### YOUR TASK
The required output is the exact run of lines in the listing below from the line holding "Marquise diamond ring" through the line holding "Whisperer Anna enters", with no pictures.

### DATA
%%
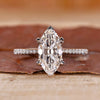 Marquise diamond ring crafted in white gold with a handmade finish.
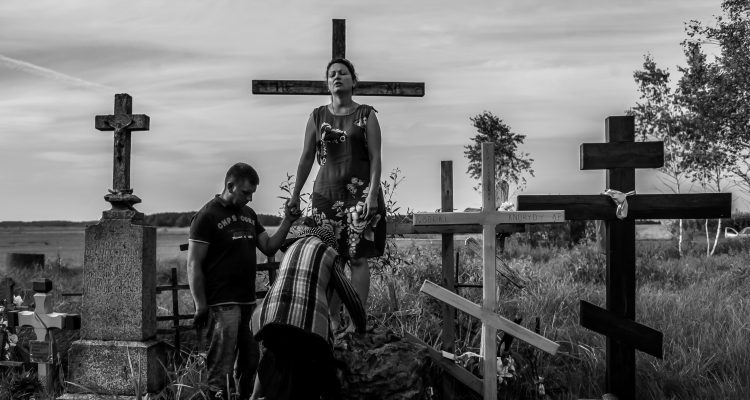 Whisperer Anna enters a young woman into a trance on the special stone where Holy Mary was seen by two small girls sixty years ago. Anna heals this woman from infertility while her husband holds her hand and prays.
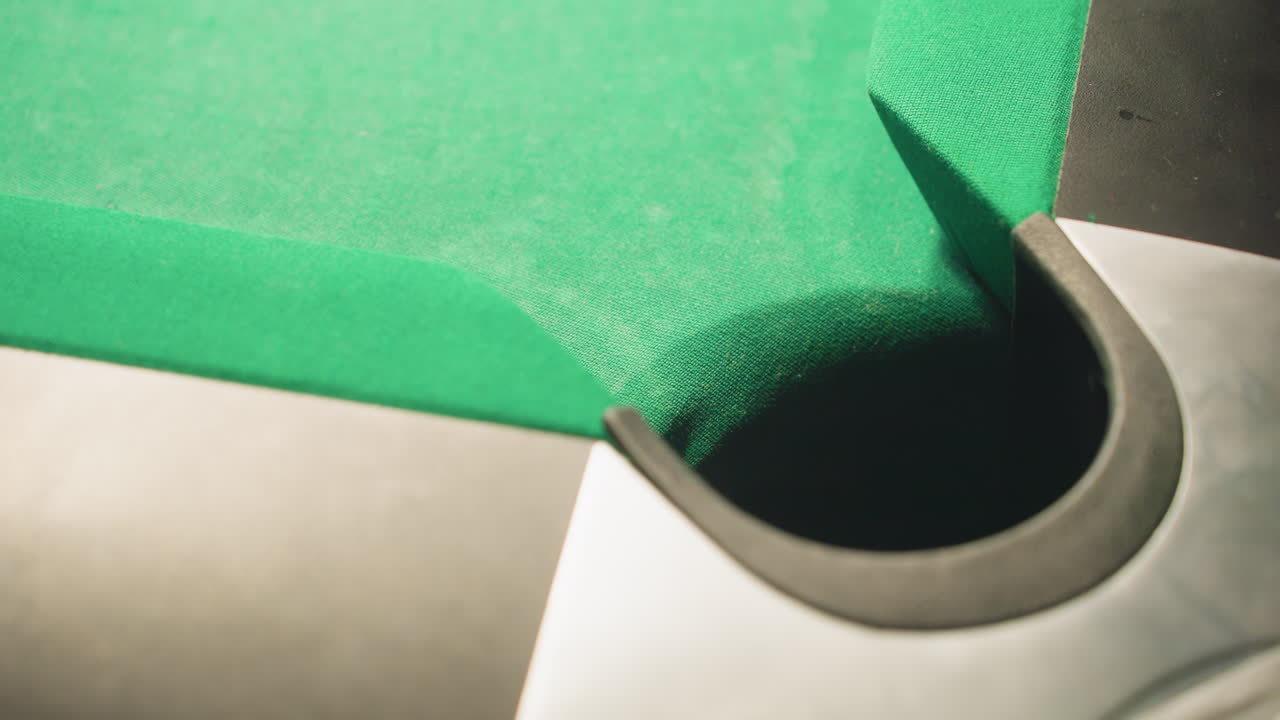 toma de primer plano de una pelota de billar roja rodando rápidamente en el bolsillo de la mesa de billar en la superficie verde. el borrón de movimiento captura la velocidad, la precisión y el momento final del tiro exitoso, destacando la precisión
%%
%%
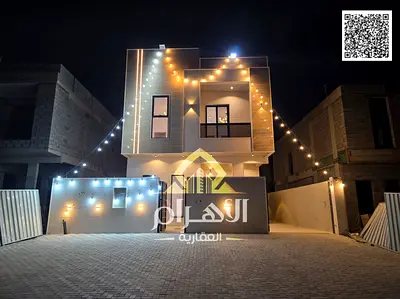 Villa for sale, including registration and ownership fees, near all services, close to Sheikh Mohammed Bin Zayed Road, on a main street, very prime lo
%%
### ANSWER FOR THIS EXERCISE
 Marquise diamond ring crafted in white gold with a handmade finish.
 Whisperer Anna enters a young woman into a trance on the special stone where Holy Mary was seen by two small girls sixty years ago. Anna heals this woman from infertility while her husband holds her hand and prays.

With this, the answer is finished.